I think going to the masses is the only way to get value out of the long tail…and I think it can work, but the problem is right now many people are confusing aggregation with curation…just collecting a bunch of stuff isn’t the same thing as specifically filtering out (or picking) a subset of information with a specific intent.I think it also depends a lot on who you are curating for…there’s no reason I shouldn’t be able to curate stuff for say my mom if I wanted to….no one else may get value out of it (so it prob. wouldn’t fall into your definition of curation) but that wouldn’t have been my motivating factor or intention anyway…I think of UGC as content created by a user…curation is content picked by a user (not generated)…and aggregation is just a system for collecting a bunch of content (so to me good curation involves simple tools for aggregation and then filtering, picking, and sharing the best from that aggregation).
yup. the curating for your mom is a great example
INTERNET LIKE NAPOLEON DYNAMITE.ADD “YOUR MOM” TO EVERYTHING.IF IT STILL MAKE SENSE, YOU HAVE WINNER.
I think Picking content is like sanitizing, selecting, triaging, editing. I maintain my position that Curation is currently hyped.
Ah – ok, now I see. You maintain that curator = filter. I think you’re missing a key element. A curator is a Creator. A remixer. A maker. The aggregating, and organizing is useful, yes – but it is by adding content, and creating new experiences that the Curator emerges as an essential new force on the web.Curators emerge as the human layer – essential, and as of yet unformed. Fred’s Kickstarter example is a good one. And there will be many many more.I’d say not hyped at all, embryonic.looking forward to your post.
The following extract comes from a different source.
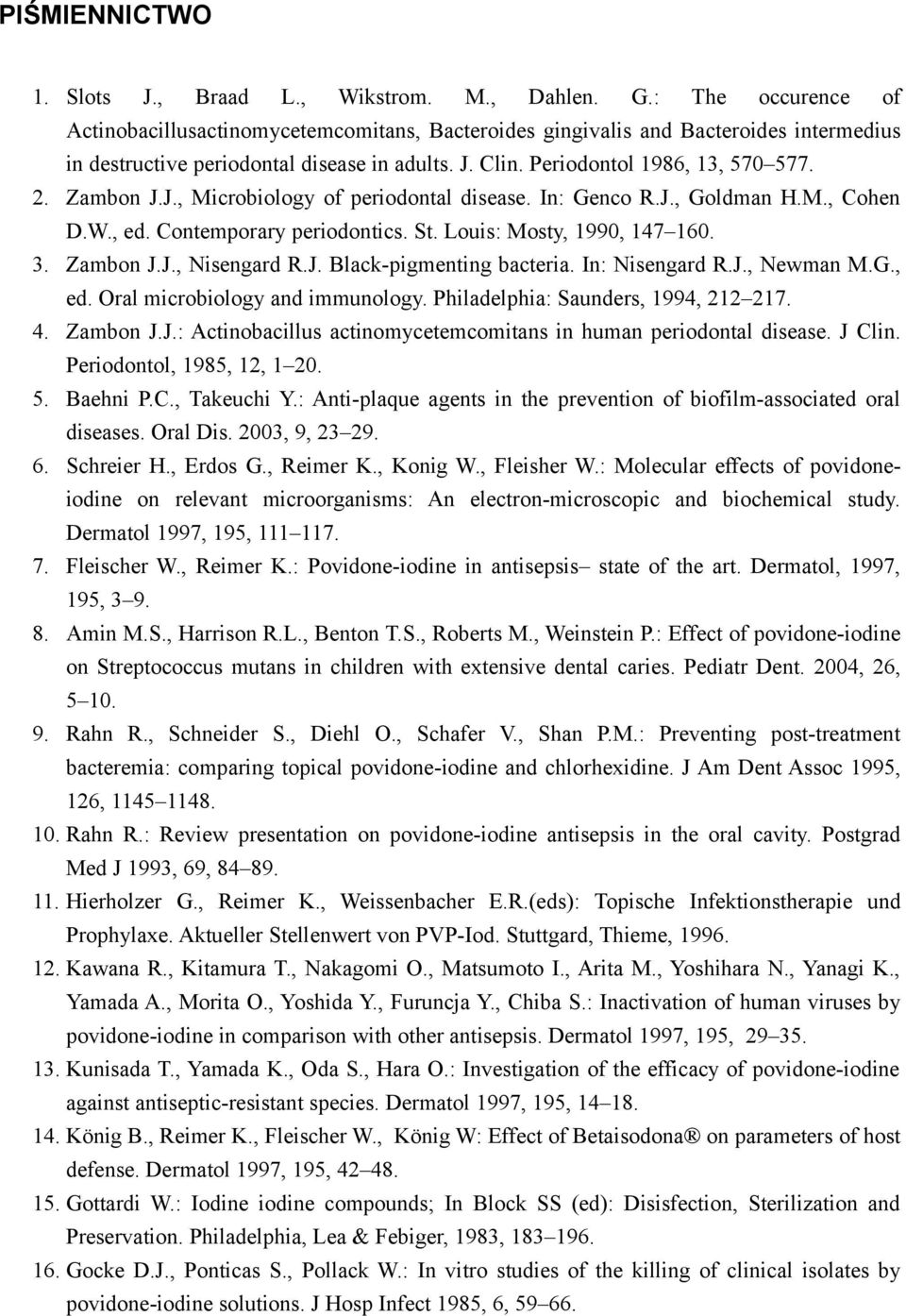 Zambon J.J., Microbiology of periodontal disease. In: Genco R.J., Goldman H.M., Cohen D.W., ed. Contemporary periodontics. St. Louis: Mosty, 1990, 147 160. 3. Zambon J.J., Nisengard R.J. Black-pigmenting bacteria.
I agree that curation is all of the above Steve, not just filtering. I didn’t imply just filtering. Curation is a before, a during and an after task. The maintenance is as important as the creation, organization, selection and filtering. And you might add promotion and user-engagement. As a curator, I want users to be engaged with the content I’m curating in order to improve on it or on my methods.
I think it’s past embryonic. We’re full steam in the “peak of inflated expectations”, according to the hype cycle model.
At it’s core though William, curation expertise is simply a matter of popularity.You agree with that?
Arnold, I think popularity can inform curation or a curator. Both are related, but it’s not “only” about popularity.
EVERY RADICAL NEW IDEA “OVER-HYPED”.RIGHT BEFORE IT EXPLODE AND BECOME MOST IMPORTANT THING EVER.IT LIKE THAT NUTTY TELEGRAPH THING ALL THE KIDS DOING. ME REMEMBER LETTER WRITING INDUSTRY SAYING HOW IT JUST A FAD.
HYPE IS OK IF YOU KNOW ITS DRAWBACKS.HYPE ALWAYS BACK-FIRES AT THE END.A PERSON WARNED IS WORTH TWO.
HURR HURR. DISQUS NOT HAVE GOOD THREADING, SO ME REPLY TO SELF.PROBLEM WITH HYPE IS HYPE ICEBERG LOOK SAME AS REAL ICEBERG.LOTS OF PEOPLE MAKE THAT MISTAKE, OCEAN FULL OF TITANICS AS RESULT.
Awesome comment grimlock
I think it only feels hyped because you are connected to the world that cares so deeply about it…i would bet the average person on the street doesn’t know what it is…and if explained to them, I bet they would think it sounds great! (classic example in this realm I think is delicious – and there are still millions of Facebook users that have no idea something like delicious exists)
i agree that curation is a hot topic these days, but that doesn’t mean only ‘experts’ should have license to curate.that’s the beauty of the internet, anyone can become an expert – whether a factual, proven expert, or just an expert at expressing oneself through their Tumblog – that opportunity exists for anyone on the web.
fredwilson.tv ftw
🙂
If you are picking for your mom, then ‘the best’, the ‘most popular’, etc. likely won’t do you much good.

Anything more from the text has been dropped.